For initial setup, CCcam is quicker — paste a C-line, restart, done. But for anything involving troubleshooting, OScam is the better tool by a wide margin. OScam logs every ECM request with timing, reader attribution, and failure reasons. When Tricolor channels freeze or go black, OScam tells you in the log whether the problem is CAID mismatch, a missing package, high latency, or a reconnect issue. CCcam gives you almost none of that visibility. If you're already experiencing decode failures or freezing, switch to OScam. The extra setup time pays back immediately in diagnostic capability.

What is the default port and where is the config file located?

CCcam listens on port 12000 by default, set via SERVER LISTEN PORT : 12000 in the config. The web info page runs on port 16001. Config file is at /usr/keys/CCcam.cfg on most Enigma2 images, with /etc/CCcam.cfg as an alternative. OScam's webif defaults to port 8888, configured in the [webif] block of oscam.conf. OScam config files sit under /etc/tuxbox/config/ on older images or /var/etc/oscam/ on newer ones. If you're unsure which path your image uses, run find / -name oscam.conf 2>/dev/null.

Why do my Tricolor channels freeze every few seconds?

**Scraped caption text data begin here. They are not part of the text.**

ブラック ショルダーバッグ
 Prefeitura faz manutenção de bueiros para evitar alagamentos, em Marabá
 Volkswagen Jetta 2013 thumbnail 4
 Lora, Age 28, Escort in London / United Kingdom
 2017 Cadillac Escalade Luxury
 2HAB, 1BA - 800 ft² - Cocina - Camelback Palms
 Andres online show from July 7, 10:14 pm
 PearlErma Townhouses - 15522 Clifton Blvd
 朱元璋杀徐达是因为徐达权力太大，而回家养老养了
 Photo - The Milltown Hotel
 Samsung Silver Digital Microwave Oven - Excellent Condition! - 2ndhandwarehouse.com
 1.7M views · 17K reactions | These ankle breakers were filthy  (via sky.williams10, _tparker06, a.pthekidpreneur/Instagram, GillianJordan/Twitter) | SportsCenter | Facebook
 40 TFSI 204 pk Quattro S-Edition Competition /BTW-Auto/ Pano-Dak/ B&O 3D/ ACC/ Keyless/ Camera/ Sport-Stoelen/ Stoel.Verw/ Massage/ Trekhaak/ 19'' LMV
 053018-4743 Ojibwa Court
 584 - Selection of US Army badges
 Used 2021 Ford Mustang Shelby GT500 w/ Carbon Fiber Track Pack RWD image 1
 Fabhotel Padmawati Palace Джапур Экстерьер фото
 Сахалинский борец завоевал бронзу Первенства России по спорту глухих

Almost always network latency or high ECM round-trip time. Open your OScam log and look at the millisecond figure on each ECM decode line — anything above 500–600 ms will cause visible freezing. Under 300 ms is fine. The fix is usually a geographically closer server, not a config change. If the ms figure looks acceptable but you still freeze, check ECM caching settings in oscam.conf and verify there are no competing readers slowing down ECM dispatch. A hop count above 2 also adds cumulative latency — each extra hop adds the round-trip time of that link to your total ECM time.

The channel is black but other encrypted channels work — what's wrong?

Three likely causes. First, check the OScam log for "ECM not found" — this means the request went out but the remote card doesn't hold that specific Tricolor package. Second, look for no ECM request at all — this means dvbapi isn't routing the request to any reader, often because of a CAID/ident filter mismatch in your reader or user block. Third, if you have multiple readers covering CAID 4AE1, dvbapi may have sent the request to a dead or wrong reader. Set an explicit priority in oscam.dvbapi with a P: 4AE1:000000 line to control which reader handles it.

How do I confirm my line is actually connected before testing channels?

For CCcam, open the web info page at http://<box-ip>:16001. A connected line shows the remote server, active cards, and hop count. No card listed means the connection failed or the credentials are wrong. For OScam, open the webif at http://<box-ip>:8888 and check the Readers page — the status column shows whether the reader is connected and when it last had activity. You can also run tail -f /tmp/.oscam/oscam.log and watch for a successful handshake log entry immediately after restarting. A successful CCcam handshake in OScam logs shows the remote server name and card count. If you see repeated connect/disconnect cycles, recheck credentials and the cccversion parameter.